A UNIVERSITY project which encourages 10 and 11-year-olds to tutor younger pupils in maths has been awarded £760,000 in funding.
The Durham University-led initiative aims to support teachers, to help the older pupils in the North East teach eight and nine-year-olds in the subject.
The scheme will be piloted in 80 schools and will include the training of teachers as well as the production of materials.
The funding is the largest of the first of four Education Endowment Foundation (EEF) grants.
Research by Durham University’s School of Education showed that peer tutoring can be an effective way of boosting students’ grades.
U.S-style summer camps, booster tuition sessions and a new approach to teaching the often difficult subject are also part of four projects from receive grants from the EEF.
The grants are the first to be allocated by the EEF, which will invest more than £200million over the next 15 years on similar schemes, to boost the attainment of disadvantaged children in some of the most challenging schools.

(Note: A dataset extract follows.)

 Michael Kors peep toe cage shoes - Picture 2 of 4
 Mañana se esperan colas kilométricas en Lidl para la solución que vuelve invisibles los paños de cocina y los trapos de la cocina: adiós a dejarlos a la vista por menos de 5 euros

Sir Peter Lampl, EEF chairman, said: “We are delighted to be announcing these first grants, which are an important statement of intent for the EEF and a sign that we are up and running and ready for business.
“The range of projects demonstrates the ways in which we will work: supporting a university-led project, helping a new charity to start up, supporting a new initiative from an established player in the sector, as well as funding an innovative programme from overseas.”
He added: “All our grants are for projects that will be rigorously evaluated, and can be significantly scaled up if they are found to be cost effective in raising the achievement of disadvantaged pupils.”
The EEF has said it will be making further grants as part of its first full round of applications later in the year.
The second grants round closes on the January 27, with a round every term thereafter.